For the code: We couldn’t figure out how to build one press for one step at first since the Arduino readout is continuous and the control object on the p5js continues to go along with each reading. Therefore I adjusted the game’s rules 😂 so that the player not only needs to reach the destination quickly but also avoids obstacles. I established a time threshold for entering an obstacle, and if the player does not avoid it in time, the game ends when the time to touch the obstacle exceeds the threshold. The game might then result in two losers and no winner, or with one winner and one loser. However, although modifying the game’s rules solved the input problem, we still had issues with the output. The first version of the game was suspended.
It was then that, thanks to Yonata’s assistance with our code, he provided me insights on how to construct one press for one step, allowing me to fix the initial problem and return the game rules to their original state. As a result, in the second version, the majority of the logic is coded in Arduino, which is simpler to operate and understand than the previous version, in which the majority of the logic was coded in p5js, and even the output problem was fixed.
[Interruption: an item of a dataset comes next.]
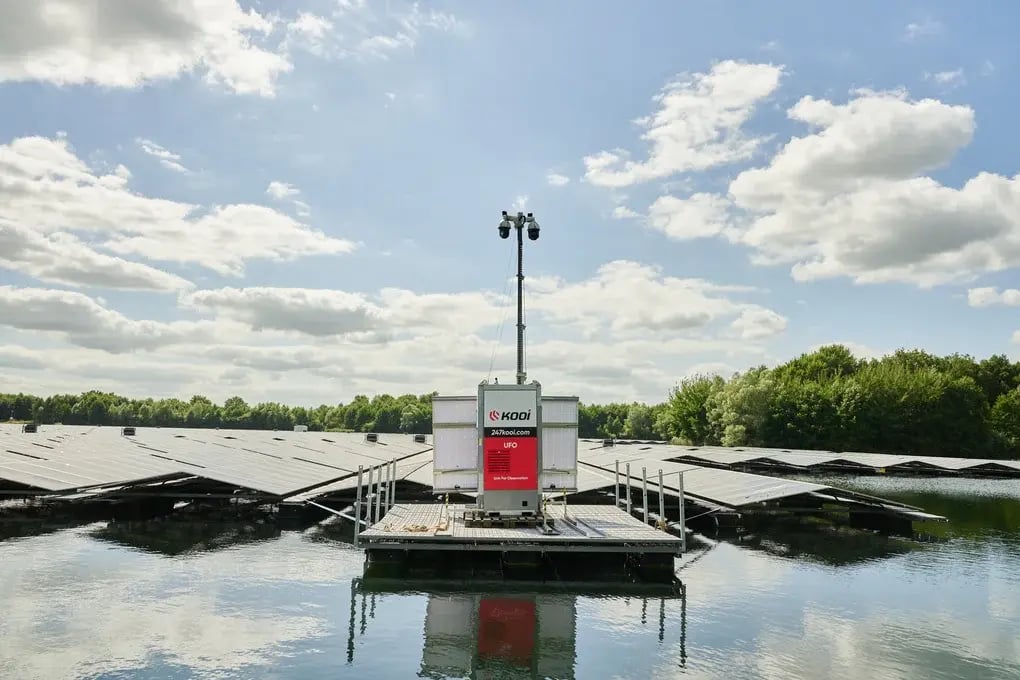 Chantier photovoltaïque flottant  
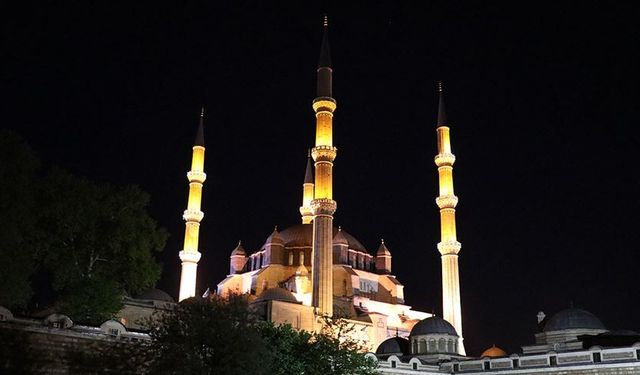 2026 Mevlid Kandili hangi güne denk geliyor? Diyanet'in 2026 dini günler takvimi yayımlandı mı?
However, there are always twists and turns!😮💨 The page lag becomes so severe after completing the serial input and output that the game cannot be played at all. The game progresses smoothly if one player’s output is commented (I tried here initially by lighting the led instead of the departure motor) and just one output is retained.
The great news is that after attending Tom’s office hours, both versions’ problem was resolved; thank you again, Tom, for your assistance! 👏👏
The difficulty with not being able to get the Arduino to receive the p5 instructions in the first version was due to the misinterpretation of the code.
First, controlling the flow of asynchronous serial communication via handshaking does not necessitate control of all communications; rather, it could be managed independently for the specific logic settings. In my code, for example, when the LED must be turned on only under particular conditions, serial. available()>0 can use to confine only this part of the whole logic. Second, when I manually enter a value as transmission data, I don’t have to convert the byte to ASCII. Giving the value manually different from inputting the data with the keyboard.
Most of the logic of this version was coded in p5js. (for testing, just one player’s part)
. p5js code
. Arduino code
The problem with the second version is still a coding issue. Tom suggests suggested I add some delay after each if statement, as the extremely laggy response, may be caused by the numerous loops. But it didn’t work. Then Tom gave me another train of thought, reorganizing the code with Array to decrease the number of repeating loops. And it works! The code is much cleaner too! The page no longer becomes stuck!
Most of the logic of this version was coded in Arduino.
Modified Code
BEFORE AFTER
So we have two versions of the game. After discussing with Anna, we decided to use the second version since the game was simpler and more straightforward, allowing players to focus on speed. The first version demanded that the player not only be swift but also avoid obstacles, so the game became more difficult.